Dogon Satimbe Mask with Female Figure Mali
Early history is informed by oral traditions, which claim that the Dogon originated from the west bank of the Niger River (10th to 13th centuries). They emigrated west to northern Burkina Faso, where local histories describe them as kibsi. Around 1490, they fled a region now known as the northern Mossi kingdom of Yatenga when it was invaded by Mossi calvary. They ended up in the Bandiagara cliffs region, safe from the approaching horsemen. Carbon-14 dating techniques used on excavated remains found in the cliffs suggest that there were inhabitants in the region before the arrival in the Dogon, dating back to the 10th century. Those Dogon who did not flee were incorporated into Mossi society and were known as the nyonyose, or descendants of the first inhabitants.
Dogon masks surmounted by female figures are called satimbe, commemorating a mythological woman who first discovered and wore a mask. According to myth, her husband stole this mask, and from that time on Dogon women have been prohibited from wearing or coming close in contact with masks. The satimbe also represents the Yasigne, or "sisters of the mask", women who are born during the sigi festival, held every sixty years to honor the apprearance of death among humans.

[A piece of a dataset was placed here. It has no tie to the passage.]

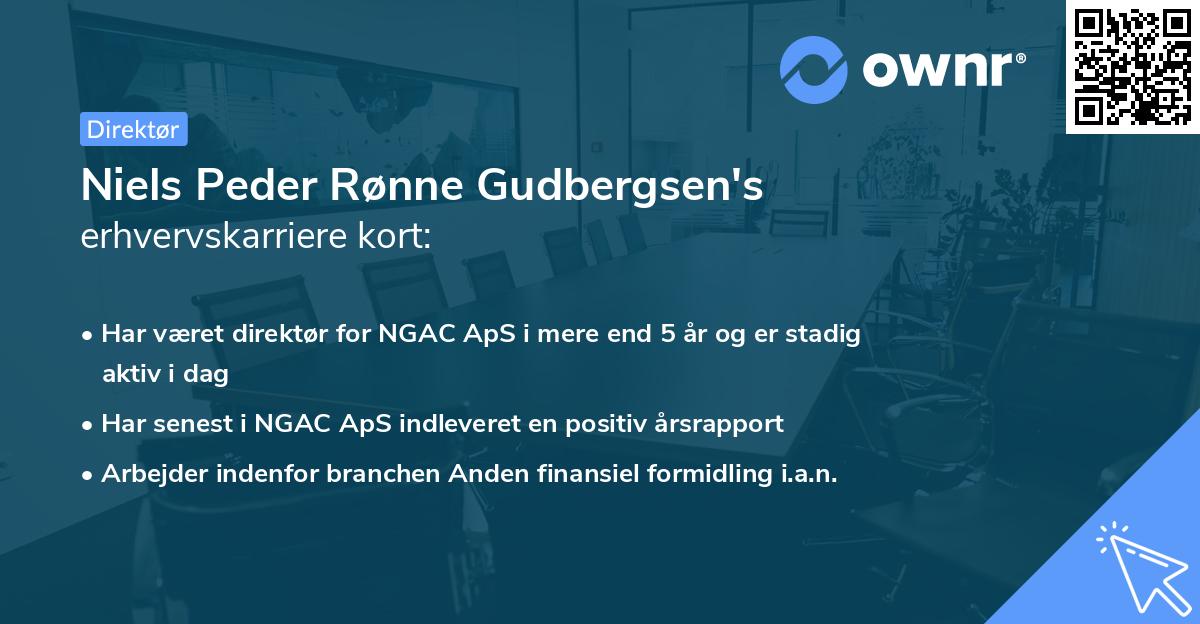 Niels Peder Rønne Gudbergsen's erhvervskarriere kort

The yasigne are the only women allowed to approach the masks and are involved in the performaces. Today, Dogon masks are used less often for dama festivals and are instead worn during secular performances, either greeting visiting tourists or in the celebration of civic events. Unlike Contemporary satimbe masks, which are more naturalistic in their stylization of the human form, this mask has a more minimalist and abstract form.